* TASK DETAILS *
Where the string "brand" appears in a line of the data, show that line.

* RECORDS FOR THIS TASK *
◇ ◇ ◇ ◇ ◇ ◇ ◇
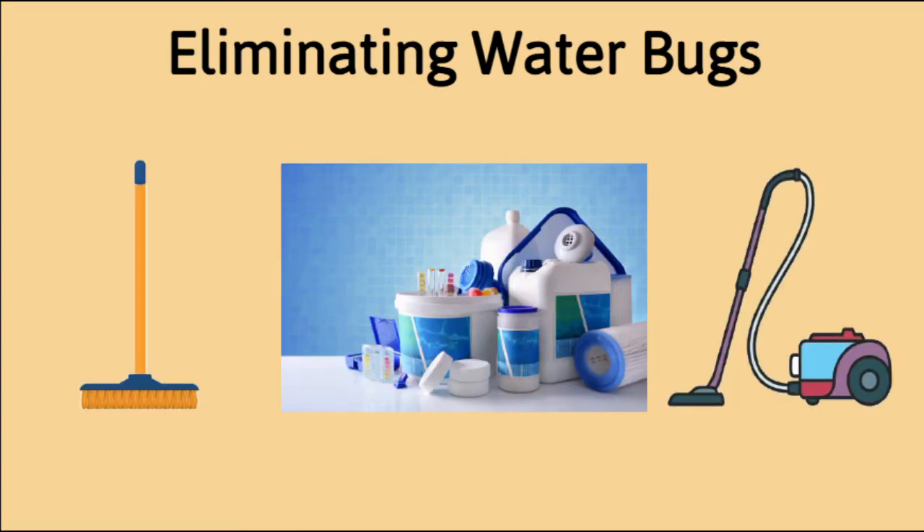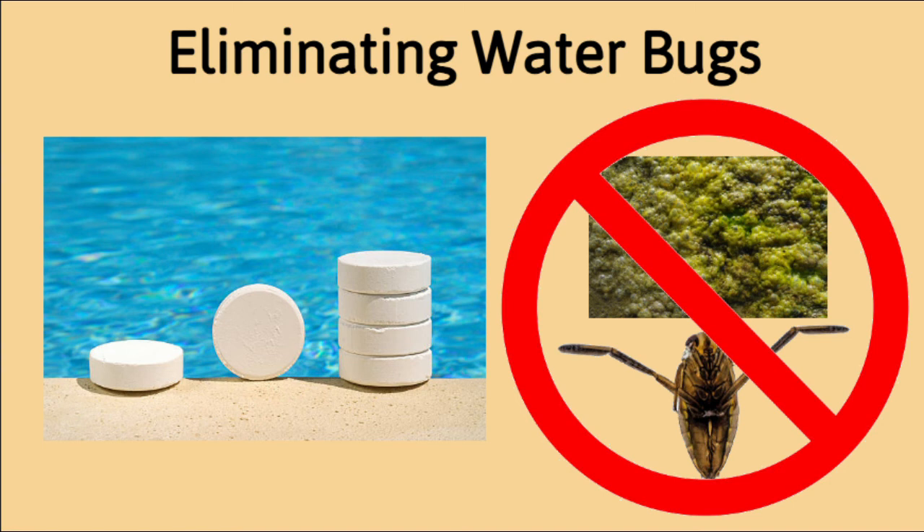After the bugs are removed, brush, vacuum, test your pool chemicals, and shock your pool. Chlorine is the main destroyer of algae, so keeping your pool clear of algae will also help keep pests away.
◇ ◇ ◇ ◇ ◇ ◇ ◇
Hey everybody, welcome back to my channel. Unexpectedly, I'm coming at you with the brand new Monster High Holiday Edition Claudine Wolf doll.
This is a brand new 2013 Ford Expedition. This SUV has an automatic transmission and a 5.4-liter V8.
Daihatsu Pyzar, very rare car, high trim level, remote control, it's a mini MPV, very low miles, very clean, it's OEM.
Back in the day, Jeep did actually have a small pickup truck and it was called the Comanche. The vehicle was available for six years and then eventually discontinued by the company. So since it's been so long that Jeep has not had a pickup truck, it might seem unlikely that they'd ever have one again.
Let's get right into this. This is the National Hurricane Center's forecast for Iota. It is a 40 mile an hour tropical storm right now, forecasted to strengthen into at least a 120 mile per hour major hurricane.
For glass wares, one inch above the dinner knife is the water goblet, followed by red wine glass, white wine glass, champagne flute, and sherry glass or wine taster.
◇ ◇ ◇ ◇ ◇ ◇ ◇
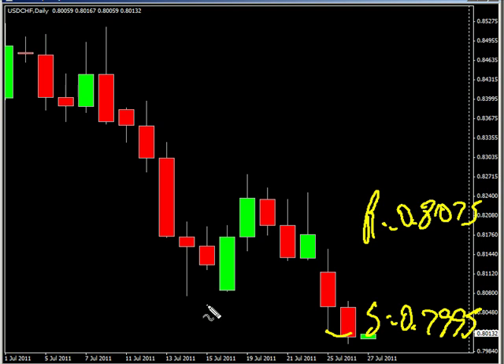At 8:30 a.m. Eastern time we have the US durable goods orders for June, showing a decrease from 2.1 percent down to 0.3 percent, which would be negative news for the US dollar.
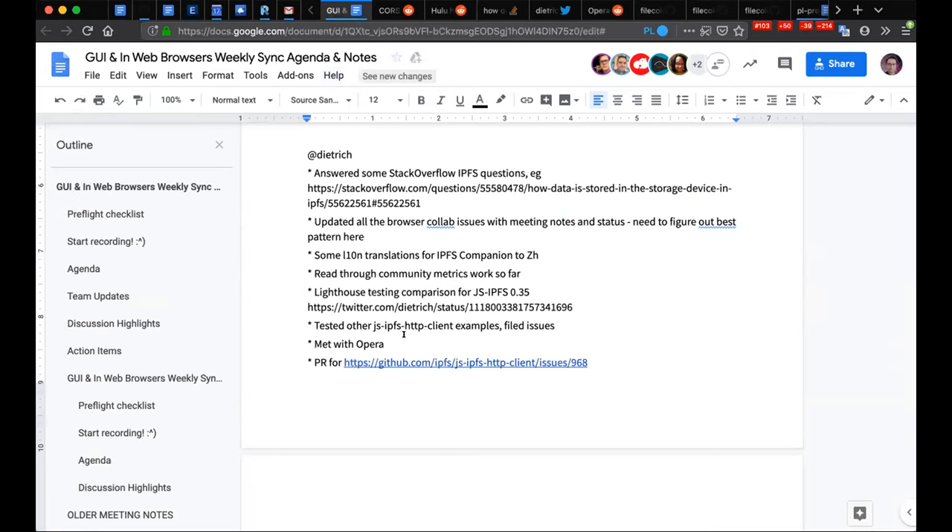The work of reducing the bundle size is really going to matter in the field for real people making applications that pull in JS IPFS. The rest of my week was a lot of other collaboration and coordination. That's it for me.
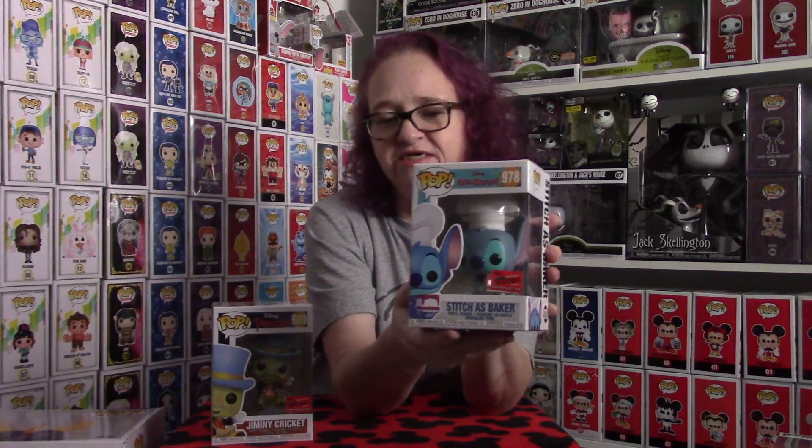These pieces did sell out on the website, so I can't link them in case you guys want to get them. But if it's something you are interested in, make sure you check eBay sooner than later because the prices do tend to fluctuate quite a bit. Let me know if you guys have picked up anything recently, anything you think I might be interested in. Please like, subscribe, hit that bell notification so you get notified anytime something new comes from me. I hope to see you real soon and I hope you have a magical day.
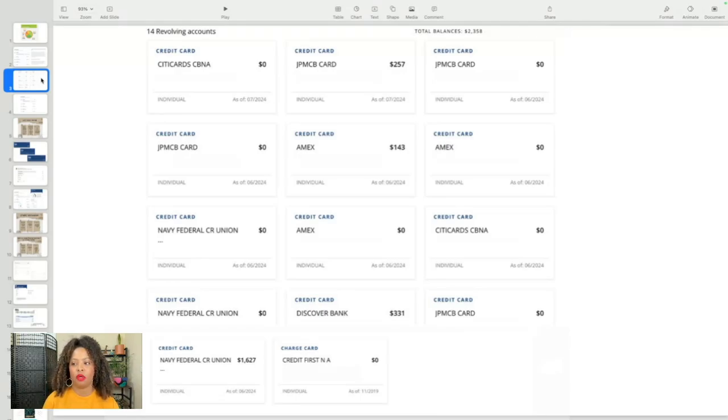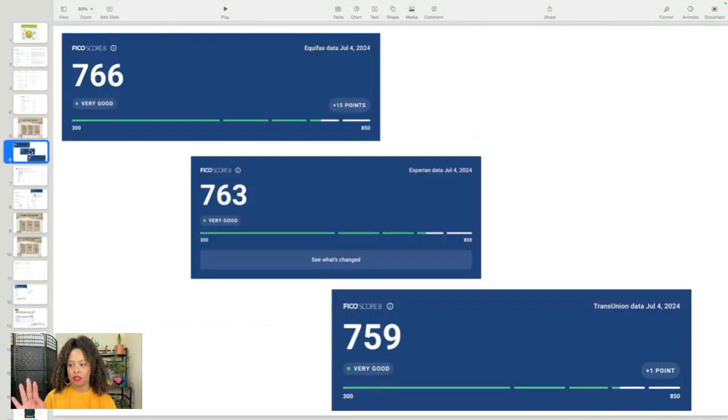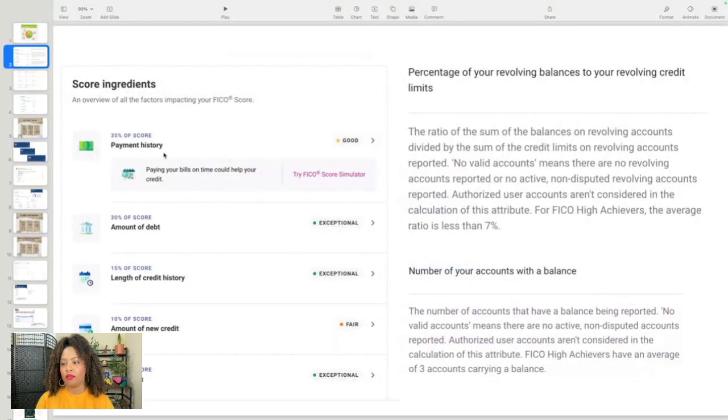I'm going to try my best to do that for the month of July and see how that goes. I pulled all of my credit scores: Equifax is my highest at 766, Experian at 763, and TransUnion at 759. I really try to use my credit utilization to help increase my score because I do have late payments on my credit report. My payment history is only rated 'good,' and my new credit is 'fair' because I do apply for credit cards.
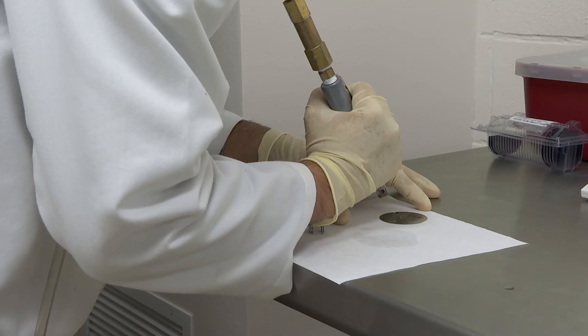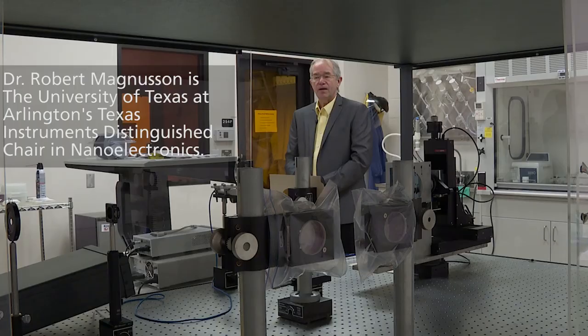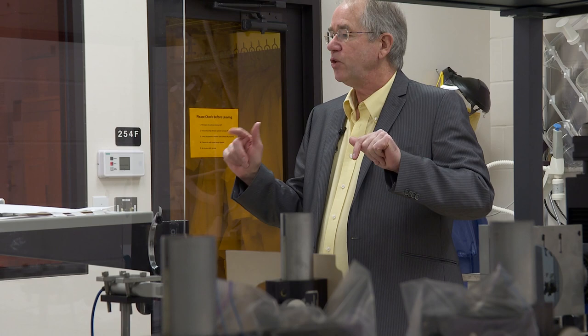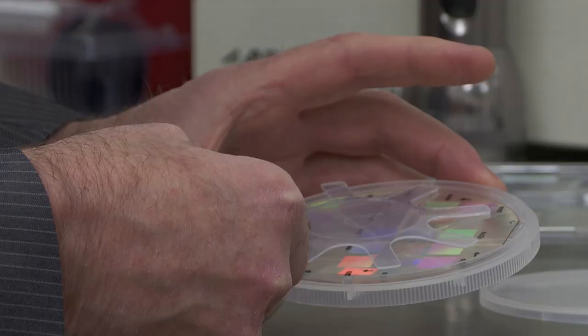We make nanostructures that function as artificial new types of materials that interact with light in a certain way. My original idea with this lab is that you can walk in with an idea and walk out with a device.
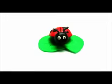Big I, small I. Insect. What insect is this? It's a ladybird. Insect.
◇ ◇ ◇ ◇ ◇ ◇ ◇
* ANSWER SECTION *
Hey everybody, welcome back to my channel. Unexpectedly, I'm coming at you with the brand new Monster High Holiday Edition Claudine Wolf doll.
This is a brand new 2013 Ford Expedition. This SUV has an automatic transmission and a 5.4-liter V8.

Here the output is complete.